Grundlos Boden los - Wie aus Unrecht Kapital wird

01.06.2008

Die Geschichte einer Enteignung und ihre Hintergründe

Gedanken zur Tagung am 17.10.2008 in Berlin, erstmals erschienen in Jedermensch, Zeitung für Soziale Dreigliederung, neue Lebensformen und Umweltfragen, Ausgabe Sommer 2008

Was sind die Rechte einer Blumenverkäuferin Wert?

40 Jahre war der kleine Blumenladen am S-Bahnhof Karlshorst im Besitz der Familie Godehardt. Jetzt ist er dicht.

Das Eigentum an dem Haus hatte Marina Godehardt 1987 von ihren Eltern übernommen. Wie in der DDR üblich, behielt der Staat das Eigentum an dem Boden, auf dem das Haus steht. Als der Boden Ostdeutschlands nach der Wende an westliche Konzerne verschleudert wurde, teilweise zu symbolischen Preisen von 1 DM, da erwarb die Deutsche Bahn das Eigentum an dem Boden, auf dem Marina Godehardt arbeitete. Wohlgemerkt: nur an dem Boden, nicht an dem Haus. Innerhalb von 5 Jahren erhöhte die Deutsche Bahn dann die Pacht für den Boden von 106 auf 1800 DM, und Frau Godehardt schuldete dem Konzern bald 80.000 Euro.

Frau Godehardt verdient 741 Euro, Bahnchef Mehdorn 270.000 Euro im Monat. Frau Godehardt hat ihren Blumenladen verloren. Aber nicht nur den. Am 30. April 2008 verlor sie auch ihr Wohnhaus – es wurde zwangsversteigert, um die 80.000 Euro für die Deutsche Bahn einzutreiben.

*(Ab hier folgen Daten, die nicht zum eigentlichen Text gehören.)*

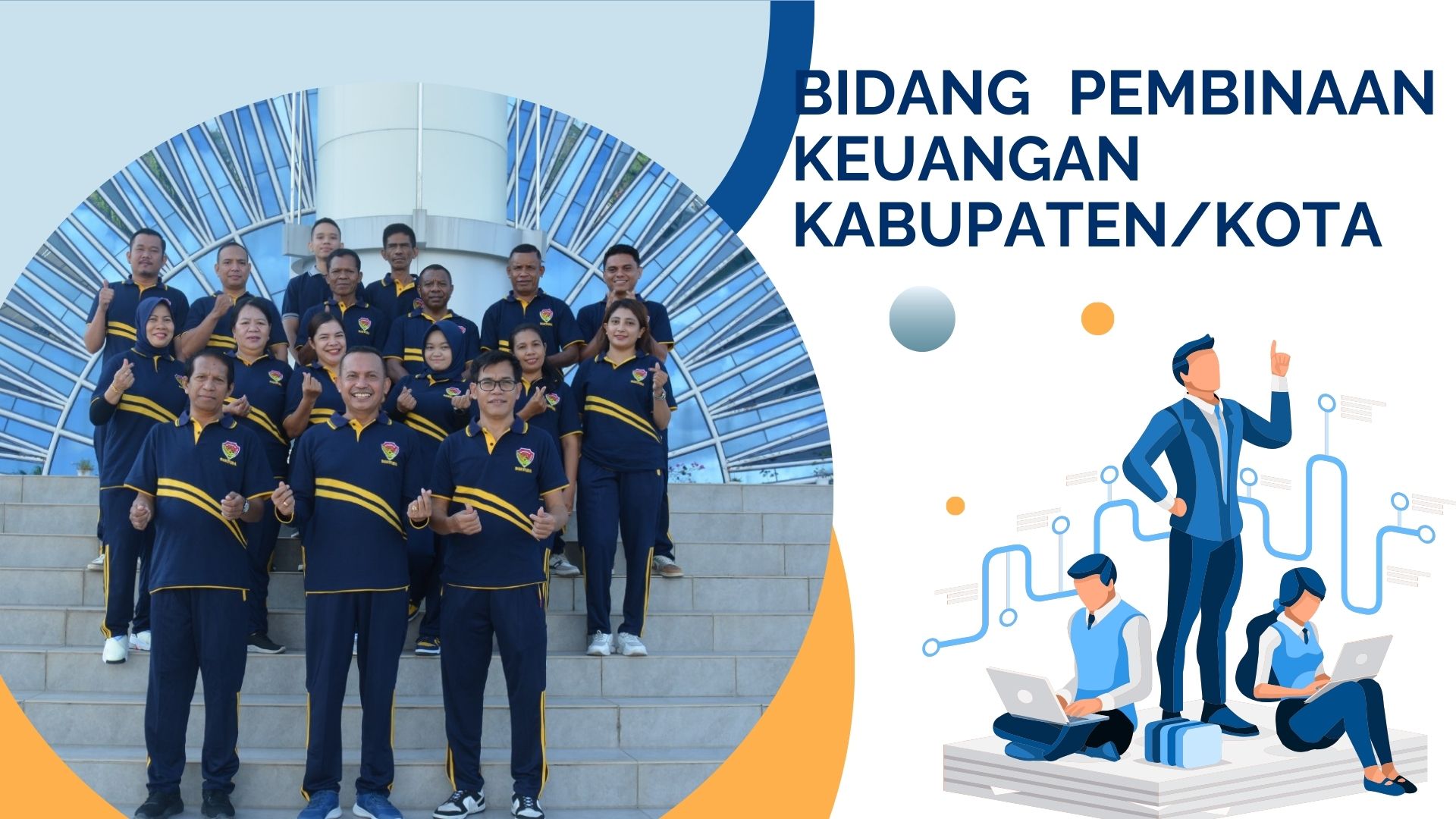 Bidang Pembinaan Keuangan Kabupaten/Kota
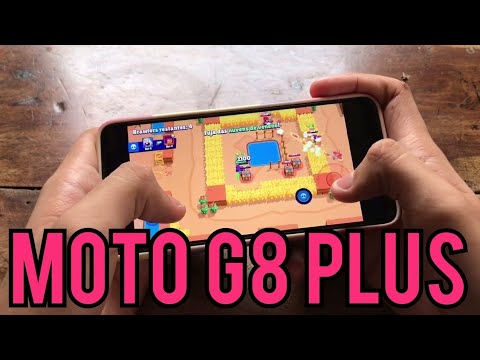 NO MOTO ONE MACRO BRAWL STARS NO MOTO G8 PLUS DESEMPENHO NO MOTO ONE MACRO DESEMPENHO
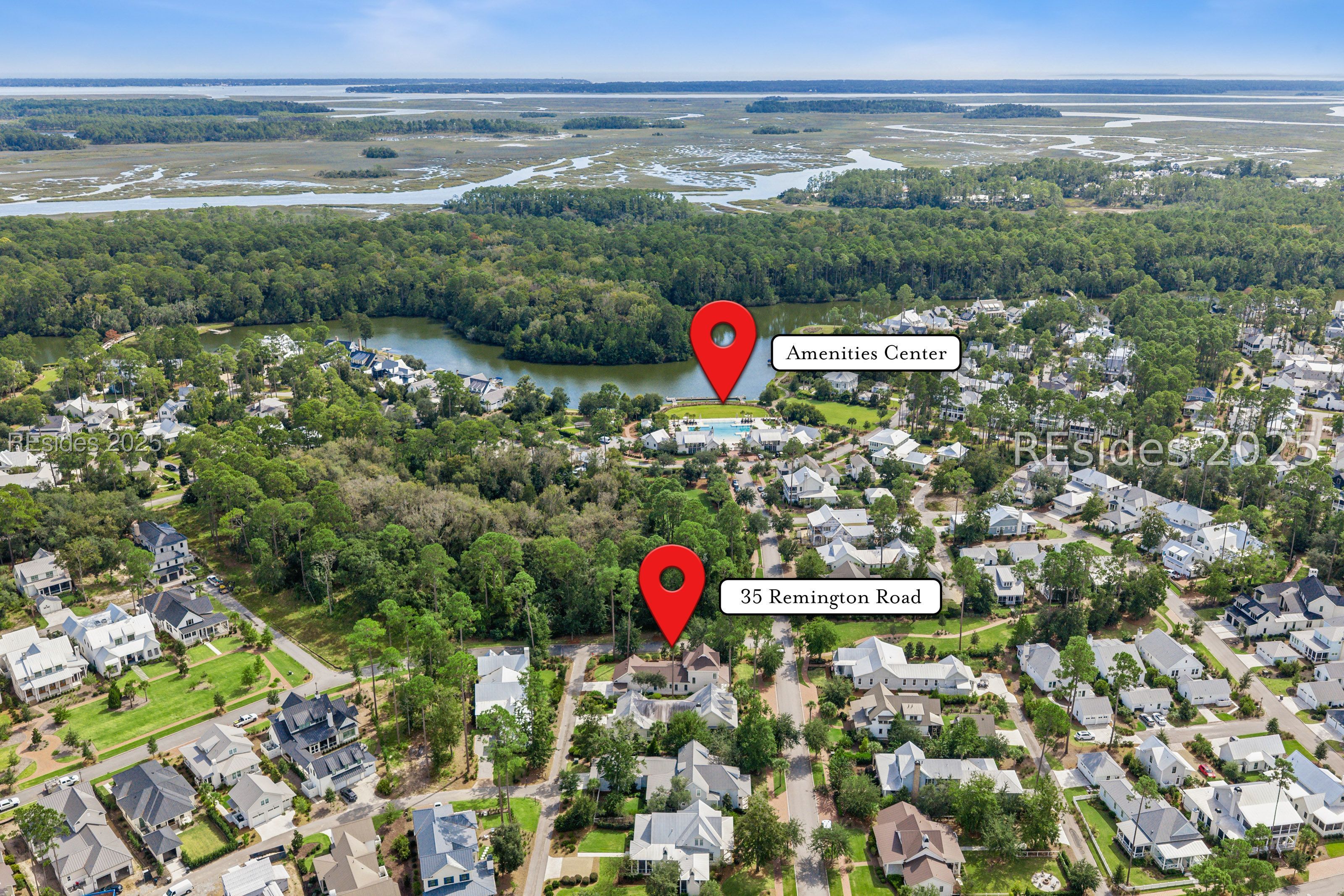 35 Remington Road Bluffton, SC 29910 - Photo 56 of 64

Eine weitere kuriose Geschichte ereignete sich außerdem am Rande: Eine Wohnungsgenossenschaft wollte das Haus kaufen und Marina Godehardt weiter darin wohnen lassen. Die Genossenschaft war bereit, um 5.000 Euro über dem besten Gebot zu bleiben, egal wie hoch dieses ausfallen könnte. Die DB lehnte ab.

Unrecht wird Kapital

Alle Welt redet von dem Finanzkapital, das sich vom Menschen losgelöst hat, um wie eine Windhose durch die Welt zu ziehen. Gerade hat es die Lebensmittel erfasst und die Lebensmittelpreise in den armen Ländern um bis zu 180% verteuert. Kaum jemand geht jedoch der Frage nach, wie dieses Finanzkapital eigentlich entsteht. Die Geschichte von Marina Godehardt ist die Geschichte von der Entstehung des Finanzkapitals, die sich so jeden Tag millionenfach wiederholt.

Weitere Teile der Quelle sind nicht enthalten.